Why the carbon with two OH groups in organic compounds is unstable? For example, acetal hydrate is unstable due to two OH groups on one carbon and tends to lose water immediately.
I don't know what level of answer you want. The shortest, is "quantum chemistry of carbon-oxygen bonds." Slightly more useful is "it's unstable because there is a “nearby” lower energy alternative (carbonyl)." It is unstable, because the double bond in C=O is strong, which is part of the reason that burning hydrocarbons releases so much energy. But it's such a basic fact of nature that this is so, for it to be otherwise we would have to do chemistry in a different universe with different basic physical laws. http://www2.chemistry.msu.edu/faculty/reusch/virttxtjml/aldket1.htm See also: http://en.wikipedia.org/wiki/Geminal_diol For a 5% solution of formaldehyde in water, about 80% of it is in the the hydrated state. Other exceptions are: http://en.wikipedia.org/wiki/Hexafluoroacetone where the 6 fluorine substitutions makes the π-bond unstable. And http://en.wikipedia.org/wiki/Decahydroxycyclopentane and http://en.wikipedia.org/wiki/Dodecahydroxycyclohexane where the carbon rings just make it weird
Chloral hydrate below is an example of a stable situation of a carbon with two hydroxyl groups. This is used as a sedative. In this case, the three chlorine atoms are electron withdrawing, making it harder for one of the -OH groups to take elections and leave. Please Register or Log in to view the hidden image!

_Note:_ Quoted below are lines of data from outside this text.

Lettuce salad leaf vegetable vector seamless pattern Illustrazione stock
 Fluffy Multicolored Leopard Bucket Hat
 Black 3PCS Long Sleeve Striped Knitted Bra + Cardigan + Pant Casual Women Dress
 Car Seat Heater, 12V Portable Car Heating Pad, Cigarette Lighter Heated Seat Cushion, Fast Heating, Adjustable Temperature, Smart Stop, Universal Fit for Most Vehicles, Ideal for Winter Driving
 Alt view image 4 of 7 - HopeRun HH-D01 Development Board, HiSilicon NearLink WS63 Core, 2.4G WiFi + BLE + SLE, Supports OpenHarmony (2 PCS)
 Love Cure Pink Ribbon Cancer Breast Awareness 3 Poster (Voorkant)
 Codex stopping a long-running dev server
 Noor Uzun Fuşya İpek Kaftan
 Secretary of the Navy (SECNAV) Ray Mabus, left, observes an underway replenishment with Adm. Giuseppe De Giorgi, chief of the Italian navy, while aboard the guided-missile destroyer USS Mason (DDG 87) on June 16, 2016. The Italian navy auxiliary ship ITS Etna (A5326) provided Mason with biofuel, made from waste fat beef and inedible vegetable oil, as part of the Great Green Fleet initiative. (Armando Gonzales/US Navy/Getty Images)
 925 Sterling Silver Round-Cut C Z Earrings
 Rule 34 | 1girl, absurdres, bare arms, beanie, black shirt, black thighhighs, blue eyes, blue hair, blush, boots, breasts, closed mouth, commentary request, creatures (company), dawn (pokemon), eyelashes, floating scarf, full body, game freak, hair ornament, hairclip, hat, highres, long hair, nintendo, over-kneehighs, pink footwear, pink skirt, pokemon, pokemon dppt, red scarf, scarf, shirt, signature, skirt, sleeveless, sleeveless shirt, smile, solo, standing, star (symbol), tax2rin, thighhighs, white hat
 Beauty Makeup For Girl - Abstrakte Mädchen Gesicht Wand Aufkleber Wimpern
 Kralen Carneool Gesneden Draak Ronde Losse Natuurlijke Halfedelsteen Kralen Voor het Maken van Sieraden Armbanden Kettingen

And another exception, with the same mechanism as Chloral or Hexafluoroacetone is Indane-1,2,3-trione where it's the other carboxyl groups that destabilize the central carboxyl group, allowing formation of Ninhydrin. http://en.wikipedia.org/wiki/Ninhydrin http://chemwiki.ucdavis.edu/?title=...ddition_of_Water_to_form_Hydrates_(Gem-Diols)